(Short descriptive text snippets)
=====
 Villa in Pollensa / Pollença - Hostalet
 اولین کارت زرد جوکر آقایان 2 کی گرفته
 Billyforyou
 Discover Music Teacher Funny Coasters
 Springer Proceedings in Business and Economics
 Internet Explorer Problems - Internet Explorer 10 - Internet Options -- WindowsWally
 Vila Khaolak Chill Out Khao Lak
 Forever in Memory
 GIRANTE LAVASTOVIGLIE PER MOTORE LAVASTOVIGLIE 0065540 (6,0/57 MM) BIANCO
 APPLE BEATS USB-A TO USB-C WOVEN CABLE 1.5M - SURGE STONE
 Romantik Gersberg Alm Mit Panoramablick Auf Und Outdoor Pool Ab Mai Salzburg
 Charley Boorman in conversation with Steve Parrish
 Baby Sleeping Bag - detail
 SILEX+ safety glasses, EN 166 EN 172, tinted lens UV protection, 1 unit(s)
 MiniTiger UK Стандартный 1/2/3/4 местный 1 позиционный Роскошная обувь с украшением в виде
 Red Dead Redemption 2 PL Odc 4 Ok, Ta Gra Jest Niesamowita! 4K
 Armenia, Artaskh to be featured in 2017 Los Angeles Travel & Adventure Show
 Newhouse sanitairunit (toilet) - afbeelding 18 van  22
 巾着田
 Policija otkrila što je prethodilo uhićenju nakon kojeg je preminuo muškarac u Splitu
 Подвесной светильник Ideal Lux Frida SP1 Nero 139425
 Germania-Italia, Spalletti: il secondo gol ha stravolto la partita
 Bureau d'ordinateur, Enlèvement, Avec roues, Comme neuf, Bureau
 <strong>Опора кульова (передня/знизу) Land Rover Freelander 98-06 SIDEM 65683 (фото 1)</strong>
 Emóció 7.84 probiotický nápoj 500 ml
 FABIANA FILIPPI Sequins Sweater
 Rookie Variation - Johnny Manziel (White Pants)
=====
● What is needed:
Print the lines above from the one with "Internet Explorer Problems" through the one with "GIRANTE LAVASTOVIGLIE PER", both included, exactly as written and nothing more.

● Your response:
 Internet Explorer Problems - Internet Explorer 10 - Internet Options -- WindowsWally
 Vila Khaolak Chill Out Khao Lak
 Forever in Memory
 GIRANTE LAVASTOVIGLIE PER MOTORE LAVASTOVIGLIE 0065540 (6,0/57 MM) BIANCO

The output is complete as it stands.